WHAT TO PRODUCE: The material below must be output exactly, line for line.

STORED DATA:
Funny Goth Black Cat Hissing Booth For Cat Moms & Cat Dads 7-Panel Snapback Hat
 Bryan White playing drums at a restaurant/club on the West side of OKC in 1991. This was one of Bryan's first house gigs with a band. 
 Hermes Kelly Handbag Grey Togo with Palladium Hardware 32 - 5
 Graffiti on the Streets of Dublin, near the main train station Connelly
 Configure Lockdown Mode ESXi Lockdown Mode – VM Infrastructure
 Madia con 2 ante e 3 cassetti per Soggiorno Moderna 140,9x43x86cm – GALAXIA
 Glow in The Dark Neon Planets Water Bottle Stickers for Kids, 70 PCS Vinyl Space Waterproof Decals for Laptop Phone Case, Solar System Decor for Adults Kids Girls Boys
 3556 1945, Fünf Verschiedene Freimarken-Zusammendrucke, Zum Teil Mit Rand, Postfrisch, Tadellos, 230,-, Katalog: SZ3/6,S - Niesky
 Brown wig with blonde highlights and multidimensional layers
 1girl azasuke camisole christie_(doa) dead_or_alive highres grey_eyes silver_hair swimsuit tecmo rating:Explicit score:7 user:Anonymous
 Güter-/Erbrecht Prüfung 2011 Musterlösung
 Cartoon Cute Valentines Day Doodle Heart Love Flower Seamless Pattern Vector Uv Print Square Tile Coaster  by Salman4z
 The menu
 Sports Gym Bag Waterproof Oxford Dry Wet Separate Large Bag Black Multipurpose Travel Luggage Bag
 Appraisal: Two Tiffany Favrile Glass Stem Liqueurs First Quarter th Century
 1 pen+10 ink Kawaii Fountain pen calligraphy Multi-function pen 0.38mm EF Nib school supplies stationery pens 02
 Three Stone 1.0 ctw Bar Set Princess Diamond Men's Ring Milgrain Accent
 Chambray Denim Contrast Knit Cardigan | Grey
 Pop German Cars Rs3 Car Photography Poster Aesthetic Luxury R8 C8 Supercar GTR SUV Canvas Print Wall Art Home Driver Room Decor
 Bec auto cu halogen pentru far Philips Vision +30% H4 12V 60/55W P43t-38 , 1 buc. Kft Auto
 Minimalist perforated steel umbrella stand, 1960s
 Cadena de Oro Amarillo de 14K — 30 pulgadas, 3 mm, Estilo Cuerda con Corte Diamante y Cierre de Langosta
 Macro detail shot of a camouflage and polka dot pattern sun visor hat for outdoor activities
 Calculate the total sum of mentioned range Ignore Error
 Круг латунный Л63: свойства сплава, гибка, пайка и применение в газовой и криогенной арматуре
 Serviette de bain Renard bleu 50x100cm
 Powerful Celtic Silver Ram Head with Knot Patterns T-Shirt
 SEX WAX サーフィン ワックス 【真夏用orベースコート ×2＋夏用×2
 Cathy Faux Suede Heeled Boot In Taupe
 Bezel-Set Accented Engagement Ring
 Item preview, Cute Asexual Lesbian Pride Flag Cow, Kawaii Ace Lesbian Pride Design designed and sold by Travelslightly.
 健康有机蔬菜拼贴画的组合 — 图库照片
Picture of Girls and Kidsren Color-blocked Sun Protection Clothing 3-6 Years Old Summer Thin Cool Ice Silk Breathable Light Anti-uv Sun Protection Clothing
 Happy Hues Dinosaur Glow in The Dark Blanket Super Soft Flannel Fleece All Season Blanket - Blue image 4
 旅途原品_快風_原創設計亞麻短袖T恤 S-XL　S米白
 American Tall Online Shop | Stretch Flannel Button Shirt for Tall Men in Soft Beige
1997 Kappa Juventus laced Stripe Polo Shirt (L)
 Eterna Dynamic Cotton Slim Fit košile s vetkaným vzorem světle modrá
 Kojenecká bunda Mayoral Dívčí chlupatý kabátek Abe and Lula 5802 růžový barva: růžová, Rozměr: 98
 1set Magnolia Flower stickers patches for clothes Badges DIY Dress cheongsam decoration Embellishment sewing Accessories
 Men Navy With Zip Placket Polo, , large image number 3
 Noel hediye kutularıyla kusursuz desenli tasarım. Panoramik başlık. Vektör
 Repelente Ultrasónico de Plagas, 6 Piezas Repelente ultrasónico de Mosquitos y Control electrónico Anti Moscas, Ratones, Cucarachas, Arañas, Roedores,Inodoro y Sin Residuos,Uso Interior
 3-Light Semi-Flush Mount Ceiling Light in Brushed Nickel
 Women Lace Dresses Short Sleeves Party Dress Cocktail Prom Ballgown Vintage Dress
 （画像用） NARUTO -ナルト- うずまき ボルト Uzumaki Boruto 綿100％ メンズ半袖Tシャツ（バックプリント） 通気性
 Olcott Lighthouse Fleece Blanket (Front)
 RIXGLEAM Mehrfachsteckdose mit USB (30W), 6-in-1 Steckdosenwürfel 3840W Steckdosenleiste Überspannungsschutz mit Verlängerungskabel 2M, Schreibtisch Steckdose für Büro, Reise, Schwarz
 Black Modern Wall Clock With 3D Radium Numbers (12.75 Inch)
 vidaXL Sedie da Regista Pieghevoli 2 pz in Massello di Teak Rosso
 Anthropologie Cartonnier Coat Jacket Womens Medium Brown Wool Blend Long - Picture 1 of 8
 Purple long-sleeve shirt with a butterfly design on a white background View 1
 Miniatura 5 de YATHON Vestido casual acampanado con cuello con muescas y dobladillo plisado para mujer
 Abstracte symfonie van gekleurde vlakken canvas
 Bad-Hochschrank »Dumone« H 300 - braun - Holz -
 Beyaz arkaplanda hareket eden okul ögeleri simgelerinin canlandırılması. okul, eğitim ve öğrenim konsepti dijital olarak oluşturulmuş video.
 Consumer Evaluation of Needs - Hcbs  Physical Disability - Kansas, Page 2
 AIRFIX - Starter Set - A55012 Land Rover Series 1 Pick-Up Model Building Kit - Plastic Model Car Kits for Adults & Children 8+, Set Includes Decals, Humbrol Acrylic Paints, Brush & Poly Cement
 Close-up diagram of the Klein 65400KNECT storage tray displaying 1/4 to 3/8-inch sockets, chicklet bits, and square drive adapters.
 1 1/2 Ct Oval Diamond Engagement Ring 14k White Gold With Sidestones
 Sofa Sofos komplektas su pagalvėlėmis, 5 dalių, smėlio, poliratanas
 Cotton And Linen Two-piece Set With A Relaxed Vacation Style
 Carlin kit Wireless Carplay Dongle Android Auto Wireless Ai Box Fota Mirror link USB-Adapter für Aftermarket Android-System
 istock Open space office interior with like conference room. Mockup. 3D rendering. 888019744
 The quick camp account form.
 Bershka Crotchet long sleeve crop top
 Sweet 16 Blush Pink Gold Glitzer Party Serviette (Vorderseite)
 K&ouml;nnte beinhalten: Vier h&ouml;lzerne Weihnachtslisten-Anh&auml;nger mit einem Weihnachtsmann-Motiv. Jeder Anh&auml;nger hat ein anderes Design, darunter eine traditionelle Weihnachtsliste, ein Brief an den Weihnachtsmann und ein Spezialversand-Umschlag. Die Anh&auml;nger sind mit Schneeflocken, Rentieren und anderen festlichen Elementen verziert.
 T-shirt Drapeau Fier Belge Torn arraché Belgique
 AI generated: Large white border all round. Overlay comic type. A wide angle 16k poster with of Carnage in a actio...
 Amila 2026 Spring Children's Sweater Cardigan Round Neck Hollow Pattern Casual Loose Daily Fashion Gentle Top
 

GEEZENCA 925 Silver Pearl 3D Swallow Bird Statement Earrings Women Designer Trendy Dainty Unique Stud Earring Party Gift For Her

EXPECTED ANSWER:
Funny Goth Black Cat Hissing Booth For Cat Moms & Cat Dads 7-Panel Snapback Hat
 Bryan White playing drums at a restaurant/club on the West side of OKC in 1991. This was one of Bryan's first house gigs with a band. 
 Hermes Kelly Handbag Grey Togo with Palladium Hardware 32 - 5
 Graffiti on the Streets of Dublin, near the main train station Connelly
 Configure Lockdown Mode ESXi Lockdown Mode – VM Infrastructure
 Madia con 2 ante e 3 cassetti per Soggiorno Moderna 140,9x43x86cm – GALAXIA
 Glow in The Dark Neon Planets Water Bottle Stickers for Kids, 70 PCS Vinyl Space Waterproof Decals for Laptop Phone Case, Solar System Decor for Adults Kids Girls Boys
 3556 1945, Fünf Verschiedene Freimarken-Zusammendrucke, Zum Teil Mit Rand, Postfrisch, Tadellos, 230,-, Katalog: SZ3/6,S - Niesky
 Brown wig with blonde highlights and multidimensional layers
 1girl azasuke camisole christie_(doa) dead_or_alive highres grey_eyes silver_hair swimsuit tecmo rating:Explicit score:7 user:Anonymous
 Güter-/Erbrecht Prüfung 2011 Musterlösung
 Cartoon Cute Valentines Day Doodle Heart Love Flower Seamless Pattern Vector Uv Print Square Tile Coaster  by Salman4z
 The menu
 Sports Gym Bag Waterproof Oxford Dry Wet Separate Large Bag Black Multipurpose Travel Luggage Bag
 Appraisal: Two Tiffany Favrile Glass Stem Liqueurs First Quarter th Century
 1 pen+10 ink Kawaii Fountain pen calligraphy Multi-function pen 0.38mm EF Nib school supplies stationery pens 02
 Three Stone 1.0 ctw Bar Set Princess Diamond Men's Ring Milgrain Accent
 Chambray Denim Contrast Knit Cardigan | Grey
 Pop German Cars Rs3 Car Photography Poster Aesthetic Luxury R8 C8 Supercar GTR SUV Canvas Print Wall Art Home Driver Room Decor
 Bec auto cu halogen pentru far Philips Vision +30% H4 12V 60/55W P43t-38 , 1 buc. Kft Auto
 Minimalist perforated steel umbrella stand, 1960s
 Cadena de Oro Amarillo de 14K — 30 pulgadas, 3 mm, Estilo Cuerda con Corte Diamante y Cierre de Langosta
 Macro detail shot of a camouflage and polka dot pattern sun visor hat for outdoor activities
 Calculate the total sum of mentioned range Ignore Error
 Круг латунный Л63: свойства сплава, гибка, пайка и применение в газовой и криогенной арматуре
 Serviette de bain Renard bleu 50x100cm
 Powerful Celtic Silver Ram Head with Knot Patterns T-Shirt
 SEX WAX サーフィン ワックス 【真夏用orベースコート ×2＋夏用×2
 Cathy Faux Suede Heeled Boot In Taupe
 Bezel-Set Accented Engagement Ring
 Item preview, Cute Asexual Lesbian Pride Flag Cow, Kawaii Ace Lesbian Pride Design designed and sold by Travelslightly.
 健康有机蔬菜拼贴画的组合 — 图库照片
Picture of Girls and Kidsren Color-blocked Sun Protection Clothing 3-6 Years Old Summer Thin Cool Ice Silk Breathable Light Anti-uv Sun Protection Clothing
 Happy Hues Dinosaur Glow in The Dark Blanket Super Soft Flannel Fleece All Season Blanket - Blue image 4
 旅途原品_快風_原創設計亞麻短袖T恤 S-XL　S米白
 American Tall Online Shop | Stretch Flannel Button Shirt for Tall Men in Soft Beige
1997 Kappa Juventus laced Stripe Polo Shirt (L)
 Eterna Dynamic Cotton Slim Fit košile s vetkaným vzorem světle modrá
 Kojenecká bunda Mayoral Dívčí chlupatý kabátek Abe and Lula 5802 růžový barva: růžová, Rozměr: 98
 1set Magnolia Flower stickers patches for clothes Badges DIY Dress cheongsam decoration Embellishment sewing Accessories
 Men Navy With Zip Placket Polo, , large image number 3
 Noel hediye kutularıyla kusursuz desenli tasarım. Panoramik başlık. Vektör
 Repelente Ultrasónico de Plagas, 6 Piezas Repelente ultrasónico de Mosquitos y Control electrónico Anti Moscas, Ratones, Cucarachas, Arañas, Roedores,Inodoro y Sin Residuos,Uso Interior
 3-Light Semi-Flush Mount Ceiling Light in Brushed Nickel
 Women Lace Dresses Short Sleeves Party Dress Cocktail Prom Ballgown Vintage Dress
 （画像用） NARUTO -ナルト- うずまき ボルト Uzumaki Boruto 綿100％ メンズ半袖Tシャツ（バックプリント） 通気性
 Olcott Lighthouse Fleece Blanket (Front)
 RIXGLEAM Mehrfachsteckdose mit USB (30W), 6-in-1 Steckdosenwürfel 3840W Steckdosenleiste Überspannungsschutz mit Verlängerungskabel 2M, Schreibtisch Steckdose für Büro, Reise, Schwarz
 Black Modern Wall Clock With 3D Radium Numbers (12.75 Inch)
 vidaXL Sedie da Regista Pieghevoli 2 pz in Massello di Teak Rosso
 Anthropologie Cartonnier Coat Jacket Womens Medium Brown Wool Blend Long - Picture 1 of 8
 Purple long-sleeve shirt with a butterfly design on a white background View 1
 Miniatura 5 de YATHON Vestido casual acampanado con cuello con muescas y dobladillo plisado para mujer
 Abstracte symfonie van gekleurde vlakken canvas
 Bad-Hochschrank »Dumone« H 300 - braun - Holz -
 Beyaz arkaplanda hareket eden okul ögeleri simgelerinin canlandırılması. okul, eğitim ve öğrenim konsepti dijital olarak oluşturulmuş video.
 Consumer Evaluation of Needs - Hcbs  Physical Disability - Kansas, Page 2
 AIRFIX - Starter Set - A55012 Land Rover Series 1 Pick-Up Model Building Kit - Plastic Model Car Kits for Adults & Children 8+, Set Includes Decals, Humbrol Acrylic Paints, Brush & Poly Cement
 Close-up diagram of the Klein 65400KNECT storage tray displaying 1/4 to 3/8-inch sockets, chicklet bits, and square drive adapters.
 1 1/2 Ct Oval Diamond Engagement Ring 14k White Gold With Sidestones
 Sofa Sofos komplektas su pagalvėlėmis, 5 dalių, smėlio, poliratanas
 Cotton And Linen Two-piece Set With A Relaxed Vacation Style
 Carlin kit Wireless Carplay Dongle Android Auto Wireless Ai Box Fota Mirror link USB-Adapter für Aftermarket Android-System
 istock Open space office interior with like conference room. Mockup. 3D rendering. 888019744
 The quick camp account form.
 Bershka Crotchet long sleeve crop top
 Sweet 16 Blush Pink Gold Glitzer Party Serviette (Vorderseite)
 K&ouml;nnte beinhalten: Vier h&ouml;lzerne Weihnachtslisten-Anh&auml;nger mit einem Weihnachtsmann-Motiv. Jeder Anh&auml;nger hat ein anderes Design, darunter eine traditionelle Weihnachtsliste, ein Brief an den Weihnachtsmann und ein Spezialversand-Umschlag. Die Anh&auml;nger sind mit Schneeflocken, Rentieren und anderen festlichen Elementen verziert.
 T-shirt Drapeau Fier Belge Torn arraché Belgique
 AI generated: Large white border all round. Overlay comic type. A wide angle 16k poster with of Carnage in a actio...
 Amila 2026 Spring Children's Sweater Cardigan Round Neck Hollow Pattern Casual Loose Daily Fashion Gentle Top
 

GEEZENCA 925 Silver Pearl 3D Swallow Bird Statement Earrings Women Designer Trendy Dainty Unique Stud Earring Party Gift For Her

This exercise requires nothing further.